A NEW study, analysing data from 29,849 participants across four large cohort studies in the United States and the United Kingdom, found significant increases in frailty occurring four to nine years before the onset of dementia, suggesting it as a potential marker for identifying dementia risk. Frailty, a measure of biological ageing and overall health, may thus play a critical role in early identification of dementia risk, which could improve the effectiveness of preventative strategies. The data were drawn from diverse cohorts, including the English Longitudinal Study of Ageing, the Health and Retirement Study, the Rush Memory and Aging Project, and the National Alzheimer Coordinating Center, involving individuals aged 60 and older who did not have cognitive impairment at the outset of the study.

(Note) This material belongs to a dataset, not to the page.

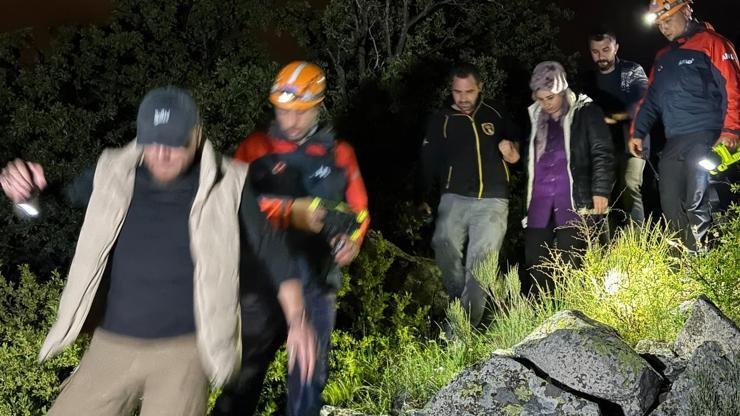 Nevşehir’de kayalık arazide mahsur kalan kadın kurtarıldı Ahmet KORKMAZER/ NEVŞEHİR, (DHA)- NEVŞEHİR’de gezmek için çıktığı kayalık arazide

To investigate the relationship between frailty and dementia, the study retrospectively calculated frailty index scores for participants and tracked dementia diagnoses over time, with follow-up spanning 257,963 person-years and resulting in 3,154 incident cases of dementia. Bayesian generalised linear mixed regression models were used to assess changes in frailty levels relative to dementia onset. Results indicated a statistically significant increase in frailty in the four to nine years preceding dementia onset, with adjusted hazard ratios (aHRs) for dementia risk linked to frailty ranging from 1.18 (95% CI, 1.13-1.24) to 1.73 (95% CI, 1.57-1.92). Notably, even among individuals whose initial frailty measurements predated this four- to nine-year period of acceleration, frailty remained positively associated with higher dementia risk, with aHRs from 1.18 (95% CI, 1.12-1.23) to 1.43 (95% CI, 1.14-1.80).
These findings underscore the potential of frailty as a clinical marker for dementia risk, which could help in selecting high-risk individuals for preventative interventions and clinical trials. In clinical practice, routine frailty assessments could facilitate early identification of those at higher risk for dementia, potentially enabling more targeted behavioural or pharmacological interventions. Future research should explore specific frailty-reduction strategies and assess their effectiveness in delaying or preventing dementia, ultimately providing a cost-effective and accessible tool for enhancing dementia prevention and population health strategies.
Reference
Ward DD et al. Frailty trajectories preceding dementia in the US and UK. JAMA Neurol. 2024;DOI:10.1001/jamaneurol.2024.3774.